[WHAT YOU WILL DO]: Leaving out the pictures, write the following records exactly as they read.
_ _ _
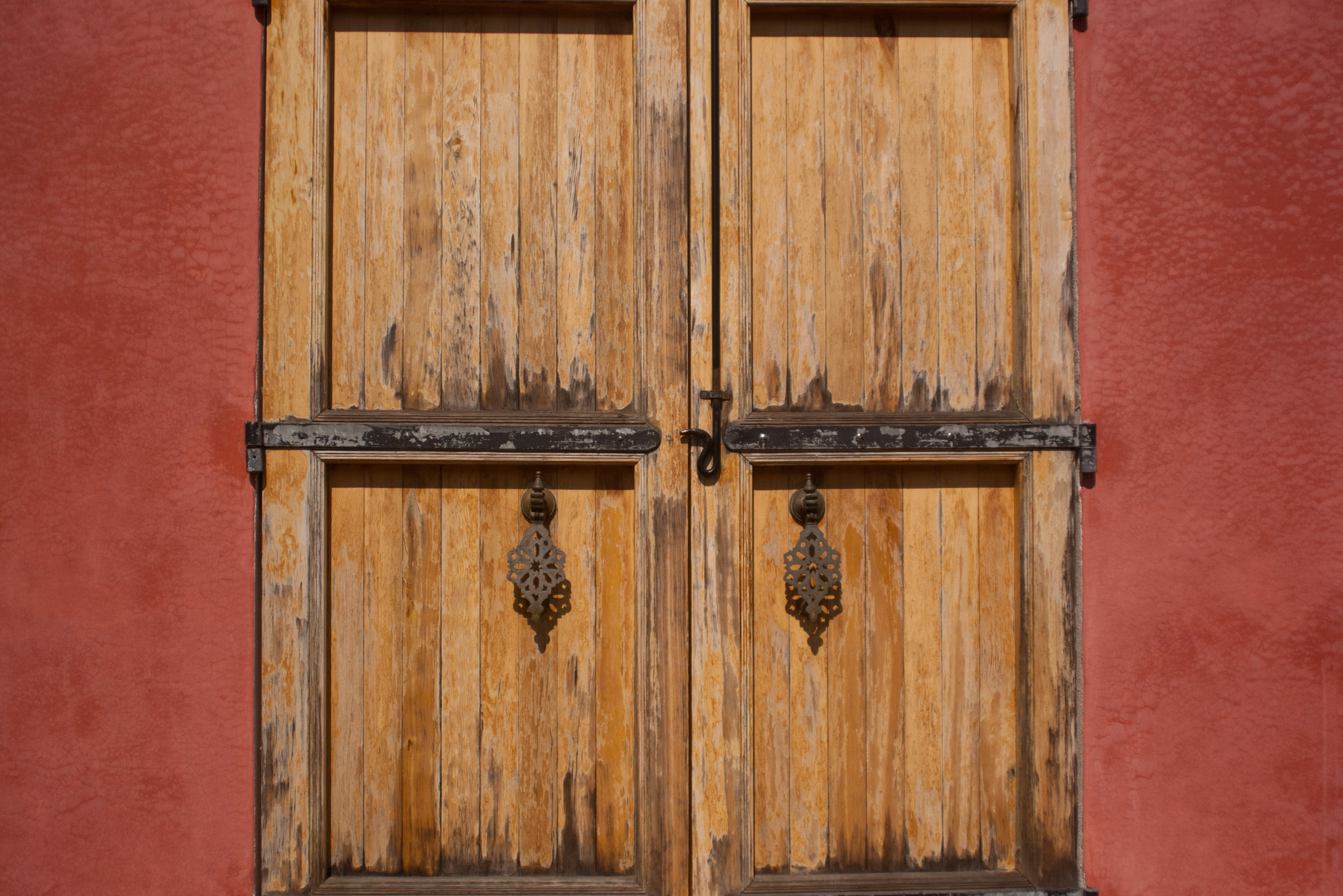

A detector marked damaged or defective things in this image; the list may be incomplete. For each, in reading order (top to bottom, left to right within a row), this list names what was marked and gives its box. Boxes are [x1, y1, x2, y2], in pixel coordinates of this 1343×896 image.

black paint chipping on metal [252, 419, 660, 451]
rusted metal hardware [682, 389, 736, 480]
black paint chipping on metal [731, 421, 1096, 451]
rusted metal hardware [505, 473, 564, 620]
rusted metal hardware [778, 475, 837, 623]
_ _ _
[TASK RESPONSE]:
A detector marked damaged or defective things in this image; the list may be incomplete. For each, in reading order (top to bottom, left to right within a row), this list names what was marked and gives its box. Boxes are [x1, y1, x2, y2], in pixel coordinates of this 1343×896 image.

black paint chipping on metal [252, 419, 660, 451]
rusted metal hardware [682, 389, 736, 480]
black paint chipping on metal [731, 421, 1096, 451]
rusted metal hardware [505, 473, 564, 620]
rusted metal hardware [778, 475, 837, 623]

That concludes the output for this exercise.